Dopo la pubblicazione del giudizio d’Appello, a intervenire sulla questione è stata la Conferenza Episcopale del Galles, con una nota del vescovo referente per le questioni della vita, Monsignor John Sherrington, il quale ha ribadito l’insegnamento della Chiesa cattolica per cui “ogni persona ha un valore e una dignità che sono indipendenti dalla sua condizione”. Egli inoltre ha sottolineato che “La decisione di permettere ai medici di interrompere il trattamento di Pippa sulla base della sua qualità di vita o del suo valore non le riconosce e non le concede quella dignità umana intrinseca con cui lei è, invece, nata”.

Su tale tema san Giovanni Paolo II afferma ancora: “Di fronte ad un paziente in simili condizioni cliniche, non manca chi giunge a mettere in dubbio il permanere della sua stessa “qualità umana”, quasi come se l’aggettivo “vegetale” (il cui uso è ormai consolidato), simbolicamente descrittivo di uno stato clinico, potesse o dovesse essere invece riferito al malato in quanto tale, degradandone di fatto il valore e la dignità personale. […]
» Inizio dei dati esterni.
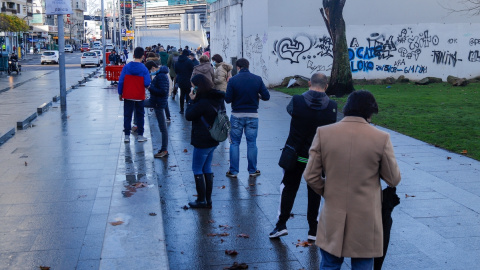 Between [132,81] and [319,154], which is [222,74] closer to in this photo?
[132,81]

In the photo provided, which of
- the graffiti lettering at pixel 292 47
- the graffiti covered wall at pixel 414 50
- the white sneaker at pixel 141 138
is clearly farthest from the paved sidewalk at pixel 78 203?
the graffiti covered wall at pixel 414 50

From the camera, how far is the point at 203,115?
7.28 m

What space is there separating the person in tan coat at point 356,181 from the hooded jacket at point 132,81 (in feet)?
26.8

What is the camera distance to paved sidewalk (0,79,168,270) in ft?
18.9

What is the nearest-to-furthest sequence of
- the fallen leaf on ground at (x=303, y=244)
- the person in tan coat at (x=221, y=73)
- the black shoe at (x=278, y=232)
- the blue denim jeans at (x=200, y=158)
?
the fallen leaf on ground at (x=303, y=244) → the black shoe at (x=278, y=232) → the blue denim jeans at (x=200, y=158) → the person in tan coat at (x=221, y=73)

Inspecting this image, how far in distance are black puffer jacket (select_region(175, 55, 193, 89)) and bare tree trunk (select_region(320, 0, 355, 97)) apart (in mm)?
7151

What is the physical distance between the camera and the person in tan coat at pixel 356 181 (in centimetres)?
409

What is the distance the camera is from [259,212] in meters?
7.58

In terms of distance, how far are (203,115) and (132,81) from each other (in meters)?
4.95

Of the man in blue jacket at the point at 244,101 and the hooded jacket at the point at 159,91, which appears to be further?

In opposizione a simili tendenze di pensiero, sento il dovere di riaffermare con vigore che il valore intrinseco e la personale dignità di ogni essere umano non mutano, qualunque siano le circostanze concrete della sua vita. Un uomo, anche se gravemente malato od impedito nell’esercizio delle sue funzioni più alte, è e sarà sempre un uomo, mai diventerà un “vegetale” o un “animale”” (Ibidem).

Il caso di Pippa Knight riguarda tutta l’umanità, in quanto la sua vita ha un valore e una preziosità unica, come la vita di tutti noi. Rimanere indifferenti e permettere senza opposizione che la vita venga giudicata degna o meno di essere vissuta, senza effettivi elementi che evidenziano la presenza di terapie effettivamente invasive, significa aprire la strada alla sempre più diffusa cultura della morte, che giudica le persone in base alla loro utilità nella società. 

Fino a quando c’è scambio gassoso nei polmoni (anche con la respirazione assistita) e il battito cardiaco (anche se stimolato), il metabolismo generale si conserva, i vari sistemi funzionano (termoregolatorio e immunitario) e finché è presente l’omeostasi biologica; allora c’è vita, e soltanto la morte naturale potrà porvi fine. 

Non spetta all’uomo decidere, mentre i medici hanno il dovere di fare tutto il possibile per conservare la vita e ciò prevede anche di evitare cure non sostenibili fisicamente dal paziente, ma di garantirgli gli strumenti necessari a mantenerlo in vita fino al momento della sua fine naturale.

Come ricorda ancora Giovanni Paolo II, “Non basta, tuttavia, riaffermare il principio generale secondo cui il valore della vita di un uomo non può essere sottoposto ad un giudizio di qualità espresso da altri uomini; è necessario promuovere azioni positive per contrastare le pressioni per la sospensione dell’idratazione e della nutrizione, come mezzo per porre fine alla vita di questi pazienti”.

Dunque, a noi spetta il compito di contrastare tali decisioni e di agire in difesa della vita e di coloro che non possono opporsi. 

Facciamo nostro questo appello: chiediamo a chi ha l’autorità di contrastare e di opporsi a tale decisione di intervenire, chiediamo ai vescovi e al Papa stesso di pronunciarsi e di agire affinché questa vita venga salvata, e perché non gridi a Dio contro di noi la voce del suo sangue, come per Alfie Evans, Charlie Gard, Isaiah Haastrup e i tanti altri bambini innocenti.

Combattiamo accanto alla piccola Knight, il cui cognome significa proprio “cavaliere”.